鮫洲運転免許試験場では、受験者が1人ずつ机に座り、タブレット端末で認知機能検査を受ける=2024年9月12日午前11時26分、東京都品川区、御船紗子撮影

 75歳以上が運転免許を更新する際に受検を義務づけられた「認知機能検査」の合格率が、導入された2009年から昨年までの平均で97・6%となっていることが、警察庁のまとめでわかった。不合格者が限られる状況で実効性に疑問の声もある一方、高齢者事故防止では追加の対策が取られている。

 認知機能検査に不合格となると、医師の診断を受けなければならず、認知症と判断されれば免許は更新できない。

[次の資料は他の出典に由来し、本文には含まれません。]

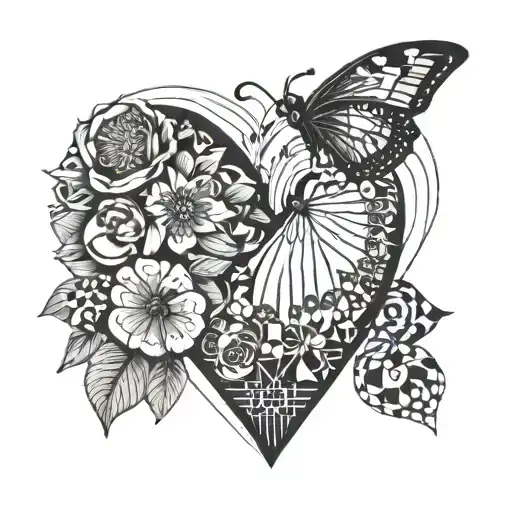 heart fingerprints with flowers and butterflies tattoo design idea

 杏林大名誉教授(精神生理学)の古賀良彦さんによると、車の運転は「脳の様々な力を同時に使う高度な作業」。記憶力のほか、人や車との距離をつかむ視空間認知機能▽注意力▽判断力が求められる。これらは加齢とともに低下して事故のリスクが高まる。

 警察庁によると、制度導入以降の年ごとの合格率は96.3~98.7%で推移し、平均すると97.6%。古賀さんは「高すぎる合格率は検査を形骸化させてしまう」と懸念する。

 一方、17年からは免許更新時以外でも特定の違反行為をすれば、認知機能検査を受けなければならなくなった。22年には、一定の違反歴がある人を対象に免許更新時の運転技能検査が設けられた。警察庁の担当者は「対策を重ねることで、事故の抑止を図っている」と話す。